Atlanta-based institutions have recently received specialized training to better prepare Historically Black colleges and Universities (HBCUs) to respond to bomb threats.

The response training was led by a collaborative effort between the Cybersecurity & Infrastructure Security Agency (CISA), a federal agency within the Department of Homeland Security, and the Atlanta University Center Consortium (AUCC). It was focused on providing Atlanta’s HBCUsMorehouse, Spelman and Clark Atlanta—and local law enforcement agencies with new security tools.

“We needed to make sure that we secure all of our campuses and deal with the stress and the anxiety that these kinds of things raise in our communities,” AUCC Executive Director Michael Hodge said of the training. “These things are historical in Black communities, and it’s important we deal with them head-on.”

While the training was centered on Atlanta-based officials and HBCUs, it was “open to school administrators and law enforcement from dozens of schools across the country.”

This training comes after HBCUs all over the country were hit with a wave of bomb threats, as Blavity previously reported. The threats started right around Black History Month, and several institutions, including Howard, Delaware State, Spelman and Jackson State, received unsubstantiated threats. The threats continued throughout February and beyond, as Morehouse received a threat just last week.

The FBI recently identified 6 juvenile suspects in the racially motivated matter, and the Department of Education also freshly announced a federal grant program to help support impacted HBCUs.

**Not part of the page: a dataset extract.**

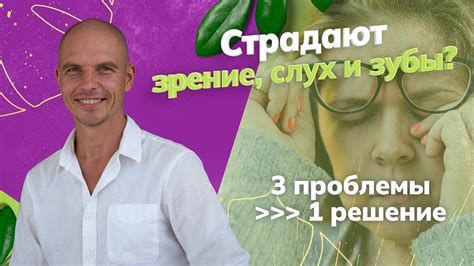 Проблемы со зрением и слухом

“The recent bomb threats experienced by HBCUs have shaken students and fractured their sense of safety and belonging, which are critical to their academic success and well-being,” U.S. Secretary of Education Miguel Cardona said. “We, at the Department of Education, recognize how these threats evoke a painful history of violence against Black Americans in this country that is especially traumatizing to HBCU students, faculty and staff.”